(Supplied information)
((

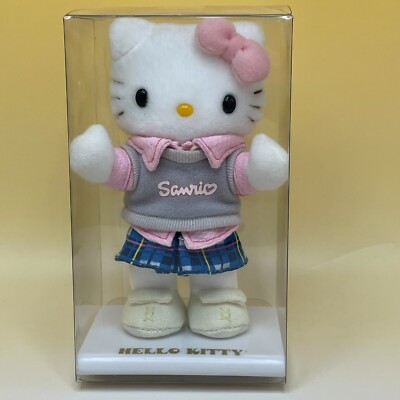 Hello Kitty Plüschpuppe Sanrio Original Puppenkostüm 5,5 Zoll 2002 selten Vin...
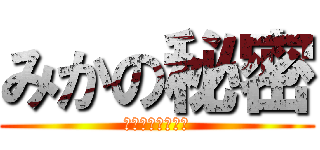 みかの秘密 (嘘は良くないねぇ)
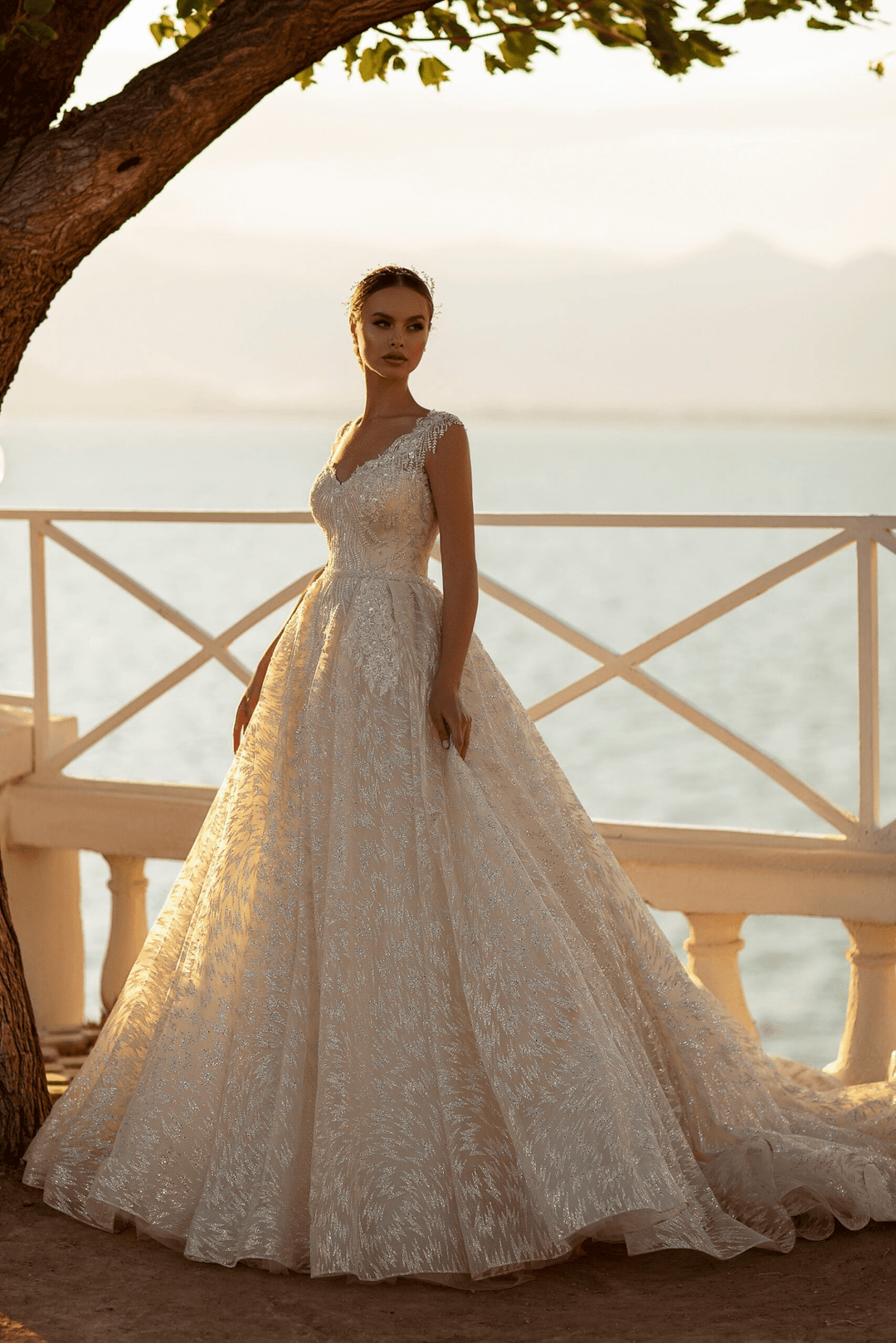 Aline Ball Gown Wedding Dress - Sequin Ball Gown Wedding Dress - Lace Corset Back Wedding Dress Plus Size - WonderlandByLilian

))

(Exercise aim) Go through the listing and restate each line word for word, leaving out the pictures.

(Task output)
 Hello Kitty Plüschpuppe Sanrio Original Puppenkostüm 5,5 Zoll 2002 selten Vin...
 みかの秘密 (嘘は良くないねぇ)
 Aline Ball Gown Wedding Dress - Sequin Ball Gown Wedding Dress - Lace Corset Back Wedding Dress Plus Size - WonderlandByLilian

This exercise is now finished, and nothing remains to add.